High-capacity well bill’s passage ensures ongoing groundwater conflicts

Bill gives away public groundwater for private benefit

By - May 2nd, 2017 11:50 pm
water

water

Madison, Wis. – On a 62-35 vote, lawmakers on Tuesday passed legislation that ensures unsustainable pumping rates by existing high-capacity wells will continue unchecked and jeopardize water supplies and lock-in conflicts between major water users and property owners.

Feeling growing public opposition to Senate Bill 76, Assembly Republicans rushed to pass the measure, which strips the ability of DNR to review high capacity well permits that are being repaired, replaced, reconstructed or transferred regardless of impacts to nearby private wells or lakes, rivers streams and wetlands. In some areas of the state, most notably the Central Sands where the presence of high capacity wells has grown exponentially, and once waterfront properties are now mudfront properties.

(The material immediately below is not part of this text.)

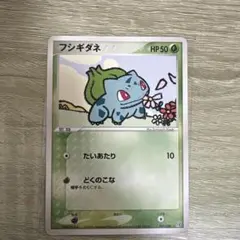 ポケモンカード フシギダネ 051/ADV-P - メルカリ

“Legislators who voted to support this bill today sent a strong message that the public’s water can be given away for private benefit – regardless of the impacts to our natural resources,” said Clean Wisconsin‘s Amber Meyer Smith, Director of Programs and Government Relations.

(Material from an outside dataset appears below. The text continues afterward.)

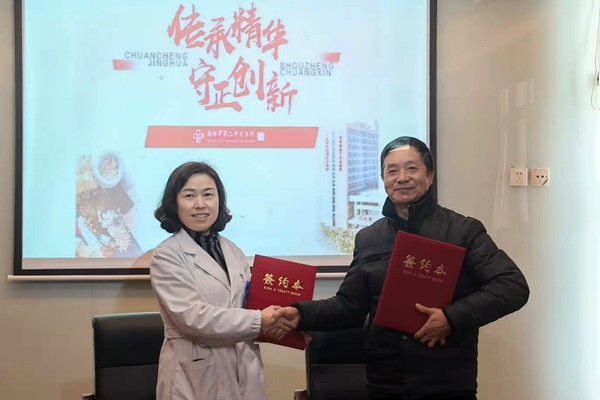 志远堂签约（微信用）.jpg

“This bill completely ignores what is really happening in some areas of our state that are already being impacted by unsustainable levels of groundwater pumping from high-capacity wells,” Smith added.

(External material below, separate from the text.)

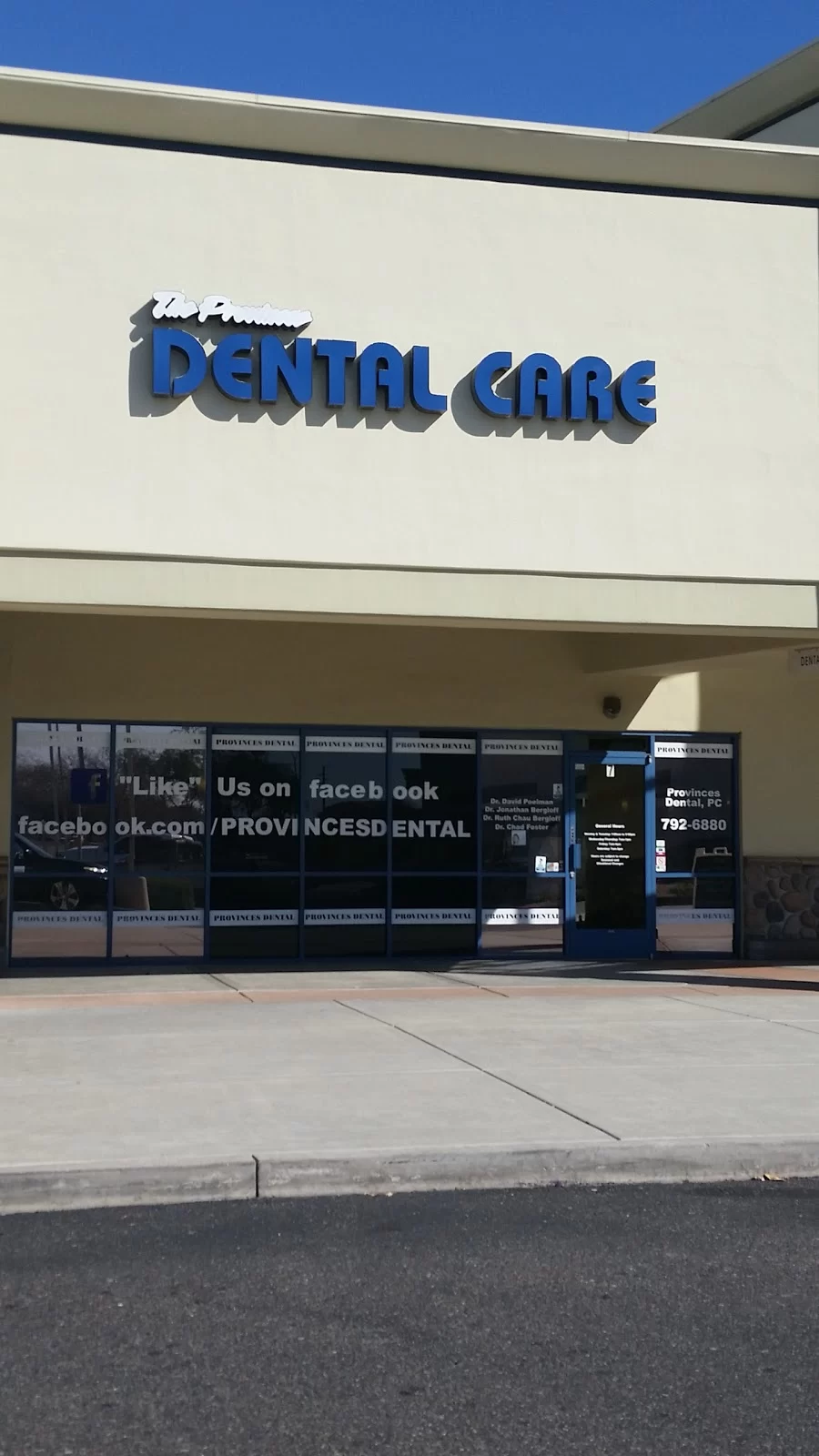 Provinces Dental Picture 10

The courts have ruled the DNR must manage the waters of Wisconsin for the mutual benefit of all users in accordance with the state constitution.

Clean Wisconsin and the Pleasant Lake Management District are suing the DNR over the agency’s failure to act on its duty to protect nearby water bodies from the impacts of eight high-capacity wells in violation of its Constitutional obligation to protect the natural resources the citizens of Wisconsin entrusted it.

A recent Clean Wisconsin review of dozens of high-capacity well permits from around the state showed how Attorney General Brad Schimel’s flawed 2016 legal opinion created a massive water grab, allowing high-capacity well permit-holders to pump enormous quantities of water despite well-documented analyses from the agency’s own scientists about the likely impacts to natural resources and nearby private wells.

“To ignore the recently-revealed information that the state just gave away another 1 billion gallons of the public’s water is stunning,” Smith said. “We are calling on Gov. Scott Walker to veto this bill.”

Visit http://bit.ly/2oW0A5v to view a chart of the high capacity well permit modifications.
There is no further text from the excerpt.